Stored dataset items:
****************************************
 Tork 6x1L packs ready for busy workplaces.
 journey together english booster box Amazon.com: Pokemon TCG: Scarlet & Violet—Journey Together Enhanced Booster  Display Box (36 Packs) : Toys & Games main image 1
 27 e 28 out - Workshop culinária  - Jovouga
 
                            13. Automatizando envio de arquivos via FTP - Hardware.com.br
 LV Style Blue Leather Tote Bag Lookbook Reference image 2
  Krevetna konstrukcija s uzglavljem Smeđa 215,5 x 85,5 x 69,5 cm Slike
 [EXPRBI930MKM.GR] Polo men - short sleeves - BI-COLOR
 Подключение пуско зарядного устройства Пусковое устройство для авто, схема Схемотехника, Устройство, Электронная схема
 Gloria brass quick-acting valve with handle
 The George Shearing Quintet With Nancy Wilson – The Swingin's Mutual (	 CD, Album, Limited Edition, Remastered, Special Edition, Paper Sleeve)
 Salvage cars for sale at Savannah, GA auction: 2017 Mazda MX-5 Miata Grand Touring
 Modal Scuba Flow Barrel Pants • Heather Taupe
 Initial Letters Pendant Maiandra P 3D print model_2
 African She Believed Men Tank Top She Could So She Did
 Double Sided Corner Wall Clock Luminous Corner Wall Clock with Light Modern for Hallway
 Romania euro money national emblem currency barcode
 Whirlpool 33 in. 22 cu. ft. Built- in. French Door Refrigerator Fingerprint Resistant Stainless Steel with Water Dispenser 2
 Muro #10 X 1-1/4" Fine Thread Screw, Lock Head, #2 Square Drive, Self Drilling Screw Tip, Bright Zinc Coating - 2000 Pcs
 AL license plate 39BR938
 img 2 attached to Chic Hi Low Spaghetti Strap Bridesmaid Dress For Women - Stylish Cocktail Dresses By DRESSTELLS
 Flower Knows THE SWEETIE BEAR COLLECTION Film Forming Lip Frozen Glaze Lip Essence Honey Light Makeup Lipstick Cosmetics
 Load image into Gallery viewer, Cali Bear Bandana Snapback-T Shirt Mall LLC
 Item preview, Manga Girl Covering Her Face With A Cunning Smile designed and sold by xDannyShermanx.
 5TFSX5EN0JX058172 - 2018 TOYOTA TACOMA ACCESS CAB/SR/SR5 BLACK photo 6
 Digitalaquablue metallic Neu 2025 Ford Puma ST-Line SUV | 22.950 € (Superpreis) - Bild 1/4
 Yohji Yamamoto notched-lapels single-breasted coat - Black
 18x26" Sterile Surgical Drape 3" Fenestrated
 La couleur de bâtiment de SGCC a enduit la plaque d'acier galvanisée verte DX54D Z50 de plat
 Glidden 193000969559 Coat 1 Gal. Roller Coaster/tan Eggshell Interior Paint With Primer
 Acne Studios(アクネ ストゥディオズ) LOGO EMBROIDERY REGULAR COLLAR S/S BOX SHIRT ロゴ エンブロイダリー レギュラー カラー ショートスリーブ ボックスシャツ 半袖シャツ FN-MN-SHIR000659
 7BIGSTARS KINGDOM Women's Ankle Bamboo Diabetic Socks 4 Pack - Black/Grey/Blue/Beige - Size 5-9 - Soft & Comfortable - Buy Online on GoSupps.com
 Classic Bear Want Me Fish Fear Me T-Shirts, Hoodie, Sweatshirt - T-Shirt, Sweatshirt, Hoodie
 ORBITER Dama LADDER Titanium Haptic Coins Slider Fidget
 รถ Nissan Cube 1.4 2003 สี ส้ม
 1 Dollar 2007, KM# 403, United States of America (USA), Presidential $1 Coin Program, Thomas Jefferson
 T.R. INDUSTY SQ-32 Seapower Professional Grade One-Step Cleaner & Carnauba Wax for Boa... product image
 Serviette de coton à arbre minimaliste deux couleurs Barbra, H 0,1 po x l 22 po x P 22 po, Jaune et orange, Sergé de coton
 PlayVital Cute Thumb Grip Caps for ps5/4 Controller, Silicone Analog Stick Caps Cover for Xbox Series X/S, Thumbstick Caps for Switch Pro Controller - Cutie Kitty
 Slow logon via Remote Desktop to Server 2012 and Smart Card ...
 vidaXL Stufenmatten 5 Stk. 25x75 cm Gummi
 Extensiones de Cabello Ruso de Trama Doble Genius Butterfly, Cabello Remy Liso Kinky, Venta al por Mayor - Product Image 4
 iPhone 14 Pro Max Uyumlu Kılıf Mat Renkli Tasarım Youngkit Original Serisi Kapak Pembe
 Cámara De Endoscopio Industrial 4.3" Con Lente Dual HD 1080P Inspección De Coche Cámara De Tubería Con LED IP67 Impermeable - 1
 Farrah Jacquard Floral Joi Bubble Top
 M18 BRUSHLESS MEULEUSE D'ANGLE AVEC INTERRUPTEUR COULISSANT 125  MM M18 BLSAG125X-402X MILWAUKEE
****************************************
Your objective:
One inclusive range is required: first line of the data through the line containing "Sterile Surgical Drape". Set it down exactly and output nothing else.

Answer section:
 Tork 6x1L packs ready for busy workplaces.
 journey together english booster box Amazon.com: Pokemon TCG: Scarlet & Violet—Journey Together Enhanced Booster  Display Box (36 Packs) : Toys & Games main image 1
 27 e 28 out - Workshop culinária  - Jovouga
 
                            13. Automatizando envio de arquivos via FTP - Hardware.com.br
 LV Style Blue Leather Tote Bag Lookbook Reference image 2
  Krevetna konstrukcija s uzglavljem Smeđa 215,5 x 85,5 x 69,5 cm Slike
 [EXPRBI930MKM.GR] Polo men - short sleeves - BI-COLOR
 Подключение пуско зарядного устройства Пусковое устройство для авто, схема Схемотехника, Устройство, Электронная схема
 Gloria brass quick-acting valve with handle
 The George Shearing Quintet With Nancy Wilson – The Swingin's Mutual (	 CD, Album, Limited Edition, Remastered, Special Edition, Paper Sleeve)
 Salvage cars for sale at Savannah, GA auction: 2017 Mazda MX-5 Miata Grand Touring
 Modal Scuba Flow Barrel Pants • Heather Taupe
 Initial Letters Pendant Maiandra P 3D print model_2
 African She Believed Men Tank Top She Could So She Did
 Double Sided Corner Wall Clock Luminous Corner Wall Clock with Light Modern for Hallway
 Romania euro money national emblem currency barcode
 Whirlpool 33 in. 22 cu. ft. Built- in. French Door Refrigerator Fingerprint Resistant Stainless Steel with Water Dispenser 2
 Muro #10 X 1-1/4" Fine Thread Screw, Lock Head, #2 Square Drive, Self Drilling Screw Tip, Bright Zinc Coating - 2000 Pcs
 AL license plate 39BR938
 img 2 attached to Chic Hi Low Spaghetti Strap Bridesmaid Dress For Women - Stylish Cocktail Dresses By DRESSTELLS
 Flower Knows THE SWEETIE BEAR COLLECTION Film Forming Lip Frozen Glaze Lip Essence Honey Light Makeup Lipstick Cosmetics
 Load image into Gallery viewer, Cali Bear Bandana Snapback-T Shirt Mall LLC
 Item preview, Manga Girl Covering Her Face With A Cunning Smile designed and sold by xDannyShermanx.
 5TFSX5EN0JX058172 - 2018 TOYOTA TACOMA ACCESS CAB/SR/SR5 BLACK photo 6
 Digitalaquablue metallic Neu 2025 Ford Puma ST-Line SUV | 22.950 € (Superpreis) - Bild 1/4
 Yohji Yamamoto notched-lapels single-breasted coat - Black
 18x26" Sterile Surgical Drape 3" Fenestrated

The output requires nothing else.